Instinctmatig zou je graag willen wandelen tussen snelle intervallen, maar door te joggen (dribbelen) loop je het volgende interval misschien wel sneller. Zo stroomt er daardoor meer bloed door je benen en worden de afvalproducten van je harde trainingen gemakkelijker afgevoerd. Door te wandelen kan het lichaam echter snel een soort energie aanmaken, die je juist nodig hebt bij korte explosieve inspanningen. Welk aanpak past goed bij jouw doelen ?
Wanneer wandelen ?
Het afvoeren van melkzuur komt na anderhalve minuut rust pas echt goed op gang en dus is het verleidelijk bij korte rustpauzes te gaan wandelen. Maar door te joggen voeg je een extra trainingselement toe aan je training, waar je conditie ook van profiteert. Dat is dan een goede keuze in de opbouwfase van je uithoudingsvermogen. Kies voor wandelen als herstel als je met korte intervallen aan je topsnelheid werkt.
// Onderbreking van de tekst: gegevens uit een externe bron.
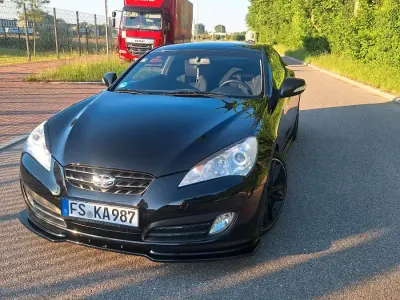 Gebraucht Hyundai Genesis 214 PS (157 kW) 2011 Schwarz Coupé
Doe je bijvoorbeeld 6 x 200 meter voluit, met 2 minuten rust, wandel dan het hele stuk.
Wanneer joggen ?
Dribbelen of joggen past goed bij intervallen die 3 tot 5 minuten duren. Denk aan trainingen van 4 x 1200 meter in je 5-kilometertempo met 3 à 4 minuten rust. Daarbij zullen je benen steeds zwaar aanvoelen, maar een actieve rustpauze zal je benen als het ware weer kunnen schoonspoelen voor het volgende interval.
Wanneer doorlopen ?
Langeafstandslopers kiezen soms voor tempolopen net boven hun melkzuurdrempel, waarbij het herstel net onder die drempel plaatsvindt. Zo leer je het lichaam melkzuur vanuit de spieren af te voeren naar je bloedsomloop, waarna het opnieuw als brandstof dienst doet. Probeer 4 x 5 minuten te lopen in een tempo dat iets sneller (6 sec/km) is dan je halve-marathon-tempo. Het herstel duurt dan steeds 5 minuten in een tempo dat 6 tot 10 seconden langzamer is dan je marathontempo. Dit soort trainingen zijn heel geschikt in de voorbereiding op een marathon of 30 km.